🤖 AI Summary
This work addresses the issue of trajectory incompatibility and motion discontinuity at action chunk boundaries in vision–language–action policies caused by independent Gaussian latent variables. To resolve this without additional training, the authors propose an inference-time smoothing method that leverages the unexecuted tail of the action sequence—conditioned on the executed prefix—as a consistency reference. By incorporating a velocity-guided loss (VLS) mechanism, the method applies closed-form corrections after each Euler integration step to ensure smooth transitions between action chunks. Evaluated on the LIBERO-10 benchmark using the pi_0.5 model, the approach reduces boundary jerkiness by 28% and inter-chunk discontinuity by 27%, while maintaining baseline task success rates and incurring negligible computational overhead.
📝 Abstract
Vision-Language-Action (VLA) policies that execute fixed-length action chunks can exhibit multimodal bifurcation: a cross-chunk inconsistency in which adjacent chunks generated from independent Gaussian latents can converge to incompatible trajectory modes, producing abrupt discontinuities at chunk boundaries.

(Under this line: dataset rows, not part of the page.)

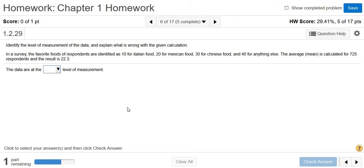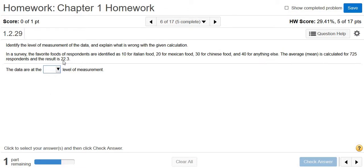Identify the level of measurement of the data and explain what is wrong with the calculation. In a survey, the favorite foods of respondents are identified as 10 for Italian, 20 for Mexican, 30 for Chinese, and 40 for anything else. The average mean is calculated for 725 respondents, and the result is 22.3.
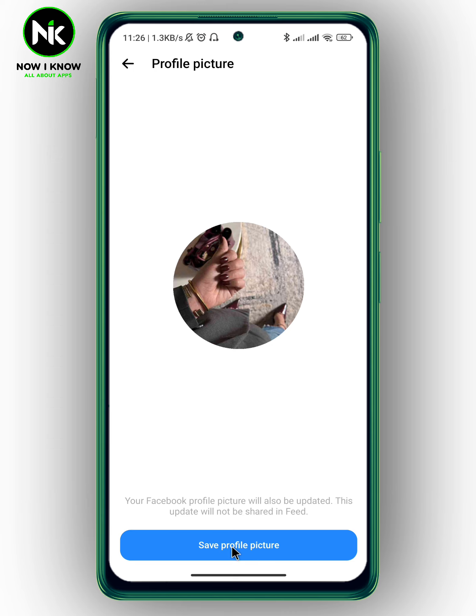Then tap on save profile picture. And like that, the profile picture will be changed successfully. And this is it. Thanks for watching. See ya.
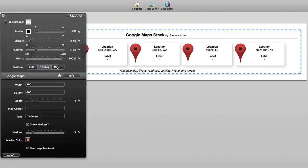The options for width and height are available to set the size of the image that will be displayed. You can zoom in very closely to locations or more zoomed out for something like an entire map of the US like we have in this example.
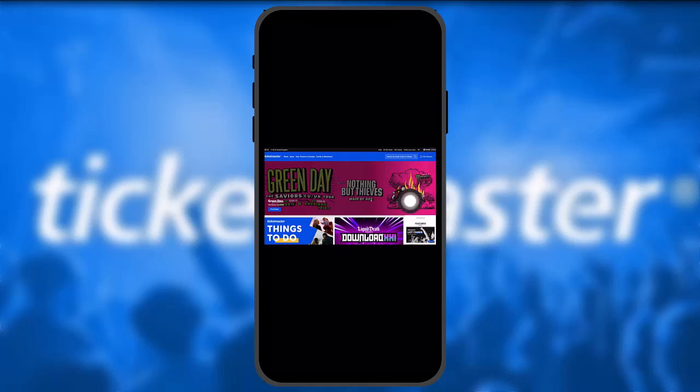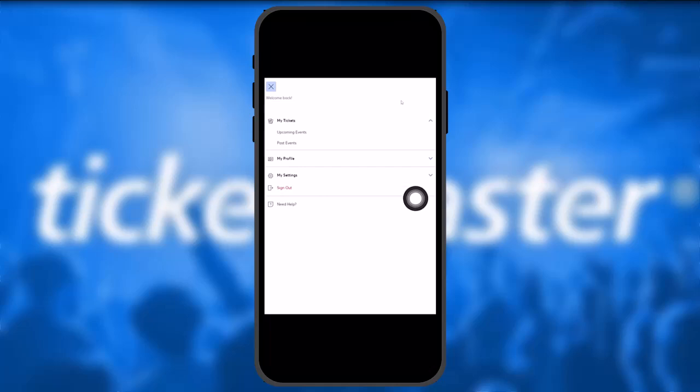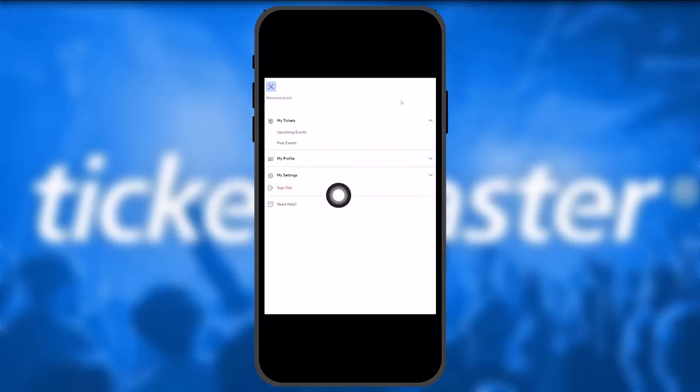Go back to the home page of Ticketmaster and once you're there, click on the 'My Account' button on the top right corner of the screen. Once you click on it, on the right side of the page you'll see a menu option.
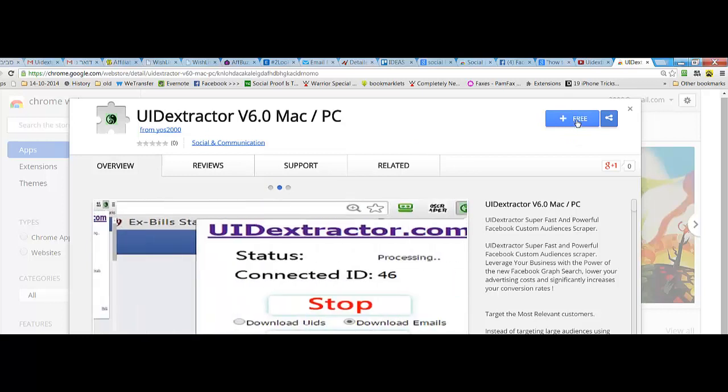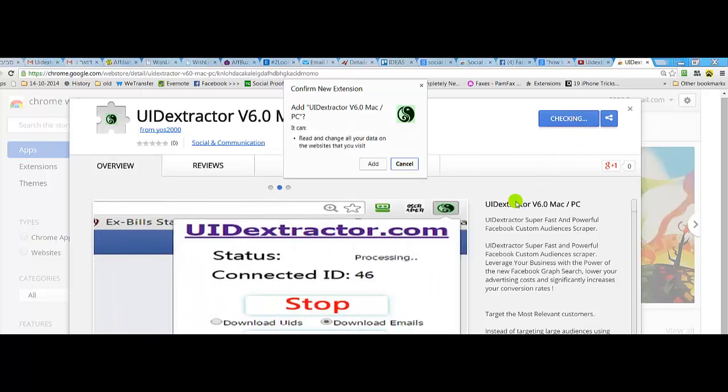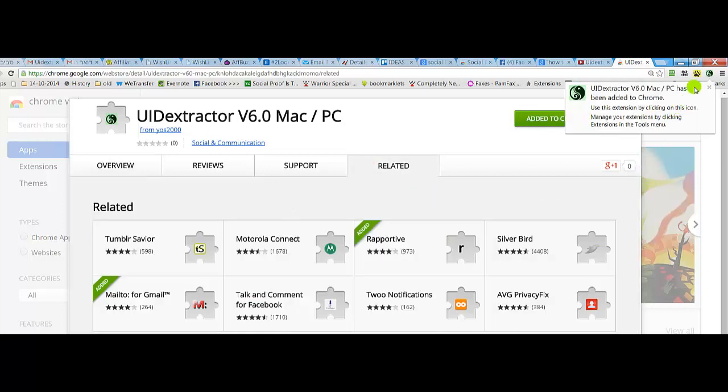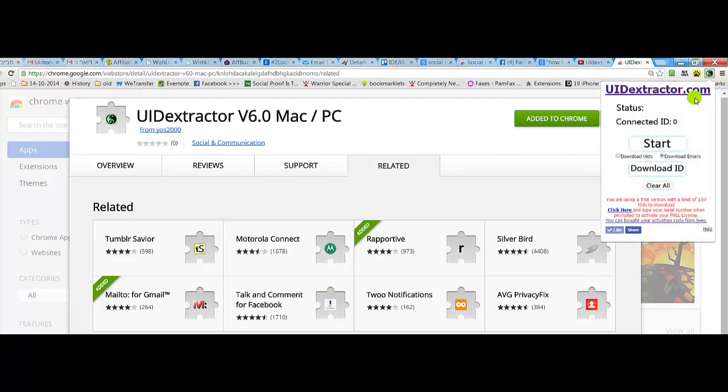Click on free, confirm by clicking the add button, then click on the icon of the UID Extractor.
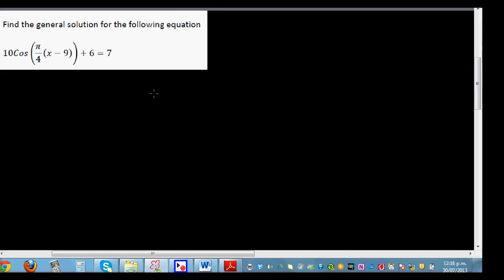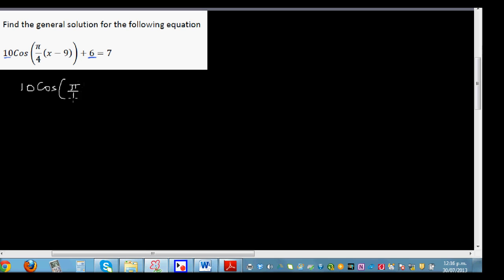Find the general solution of the following equation. The equation is 10 cos(π/4 · (x − 9)) + 6 = 7. The amplitude is 10 and the baseline is 6, so the maximum is going to be 16 and the minimum is going to be 4. To find the general solution, we need to solve this as a simple equation.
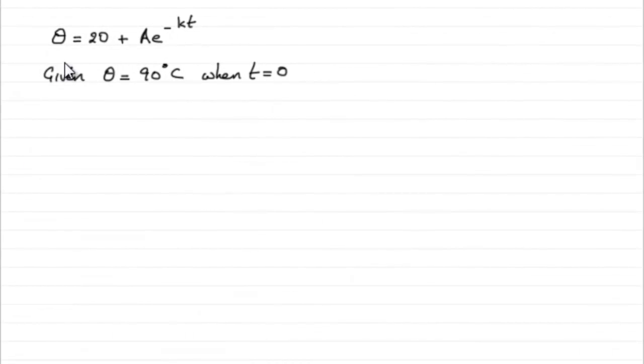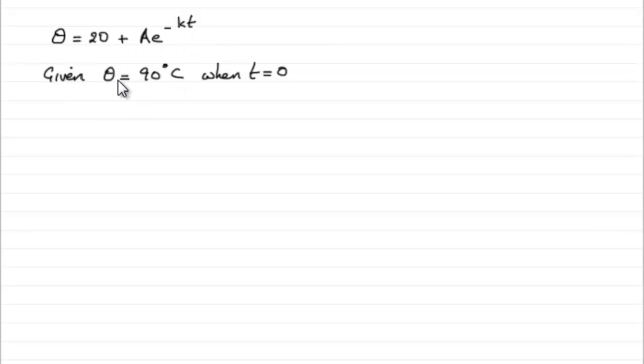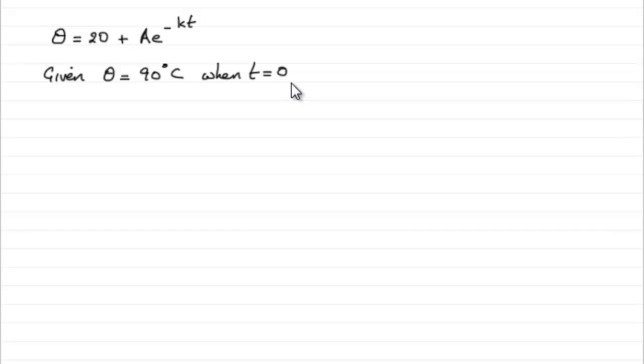Now for this one, we're given that theta equals 20 plus A to the minus KT, and we're given that the temperature initially was 90 degrees C. And when we talk about initially, it's when T is zero.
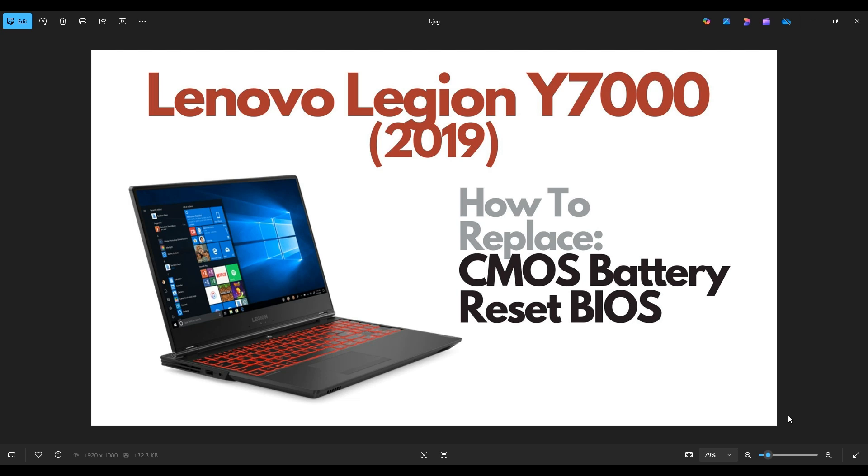Hello everyone, my name is Jamin. Thanks so much for visiting my channel. In this video, I have a Legion Y7000, the 2019 model. I'm going to show you how to get inside and access your CMOS battery.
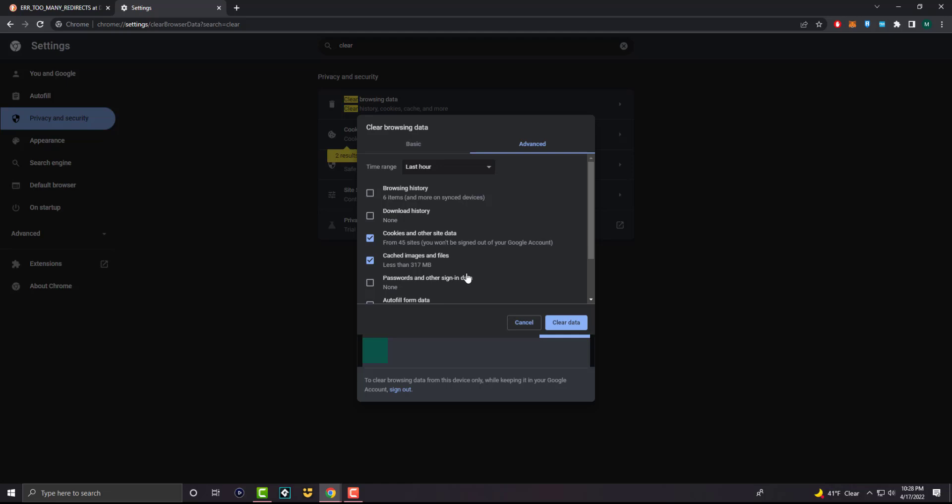And then you should be good to go. You should not have it persist any longer. Just do this, restart your desktop - or Chrome, I should say - and then boom, you should be good to go and not have this error persist any longer.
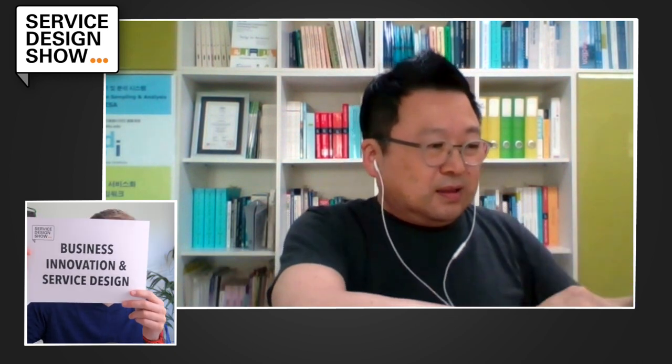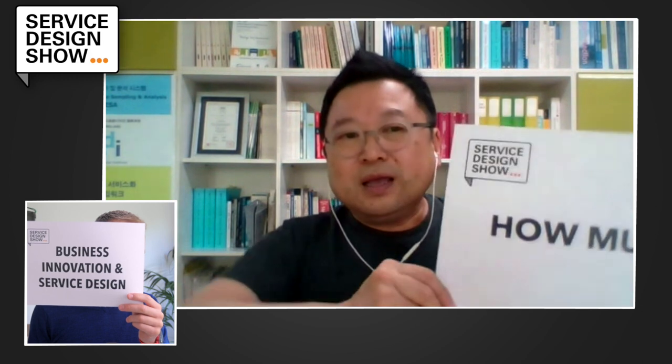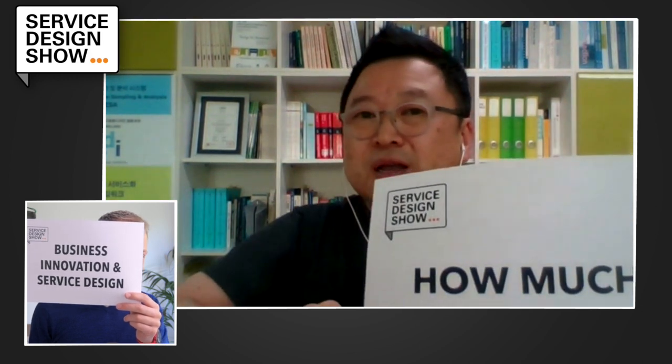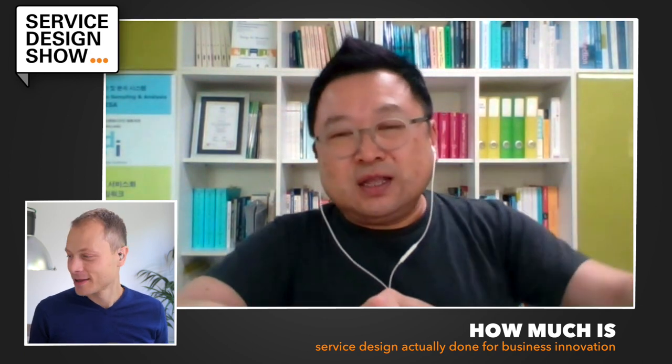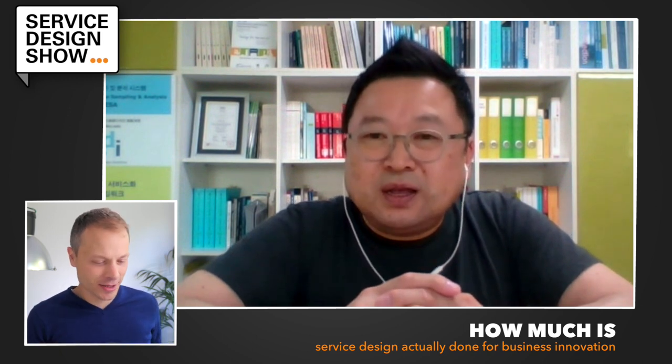You sent me three really interesting topics, and I've sent the question starters all the way to Korea. Are you ready to start with the first topic? It's called business innovation and service design. Do you have a question starter that goes along with this one? I would pick 'how much' — how much service design is actually done for business innovation? That would be my question.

Existing remedies either require backpropagation through the policy at each denoising step, rely on rejection sampling, or require retraining, each trading computational cost or task reliability for smoother transitions. We propose SEAM (Smooth Execution of Action-Chunked Motion), a training-free inference-time method for flow matching VLAs. SEAM exploits a simple synchronous-execution insight: after the robot consumes the executed prefix, the previous chunk's unexecuted tail is already available as an analytic consistency reference. Its core mechanism, Velocity-guided Loss Steering (VLS), derives a time-dependent target from this tail and applies a closed-form correction after each Euler step without backpropagating through the policy network. On LIBERO-10 with pi_0.5, SEAM reduces boundary jerk by 28%, reduces chunk transition discontinuity by 27%, preserves baseline-level task success, and keeps denoising-loop cost near the unguided baseline.